One issue is security. The Pinellas County Sheriff's Office patrols the preserve, but sometimes road conditions prevent deputies from driving on access roads, Baltus said.
"You don't want people stuck out there or doing things they aren't supposed to do," she said.
Safety is a concern, she said. Trails might have to close when conditions are too wet or the risk of fire is high. She would want to avoid having people out after sunset with the rattlers, coyotes, bobcats and alligators.
"There's no light unless there's a full moon," she said. "You're in the middle of a swamp."
Wildlife would need protection from dirt bikes, all-terrain vehicles and poachers, Baltus said. Poaching has dropped off since the Sheriff's Office has patrolled the preserve, but it still happens occasionally. A hunting season or two ago, she said, deer were found shot with arrows.
Building a looped trail connecting to Oldsmar at some point is another idea, she said. But the preserve is focused on opening more trails to the new Brooker Creek Preserve Environmental Education Center off Keystone Road.
Oldsmar's recently adopted trails plan is a refinement of a plan for an Oldsmar Trail that connected with a planned Pinellas Trail extension at Curlew Road, Pinellas planning director Brian Smith said. A bridge for the trail under McMullen-Booth Road is in place.
"It's a really good plan," he said. "It's going to provide really good connectivity.'
Charner Reese, principal planner with Hillsborough County parks, recreation and conservation department, has met with Oldsmar officials. The exact route of Hillsborough's planned Northwest Regional Connector Trail has not been decided, she said. But it could possibly become a connector from the Oldsmar Trail to the Suncoast Trail, which starts in Hillsborough and continues through Pasco and Hernando counties.
The part of the Oldsmar trail across the Florida Gas easement would connect with existing bike lanes on Linebaugh Avenue as well as bike lanes under construction on Race Track Road, Reese said.
Lynn Rives, Oldsmar parks, recreation and cultural affairs director, is in charge of the Oldsmar trails project. An agreement must be negotiated with the three or four property owners who own the land with the gas company easement, he said, then the design process can begin on the first phase.

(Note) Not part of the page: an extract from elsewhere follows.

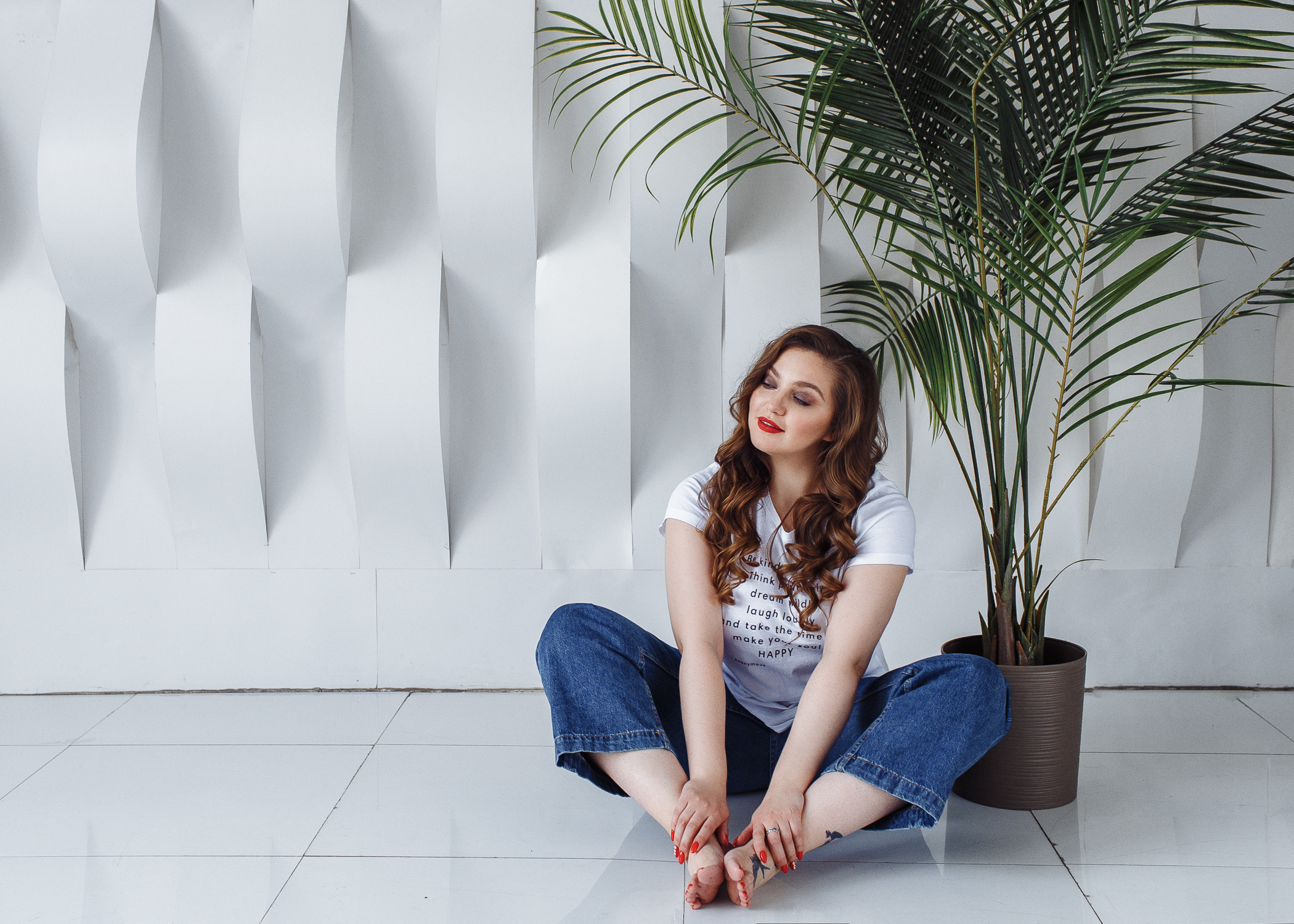 Фотограф бизнес портретов Тверь, Москва. Свадебный и семейный фотограф в Твери, Москве, Санкт-Петербурге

"I think it's going to be something that all the community is going to enjoy," he said. "The ability to get some exercise, see a little nature, all of that is very beneficial to the quality of life."
Eventually riders might use the trails to commute to school or work.
Rives said he hopes the first phase might be done in a year or so. The city has $900,000 designated for the network of trails in the next six years of the capital improvement budget. That's not nearly enough to pay for the trails, but the city has applied for one grant and will seek others.
"I think once you start and you get pieces of it put together," he said, "the development will continue like dominoes."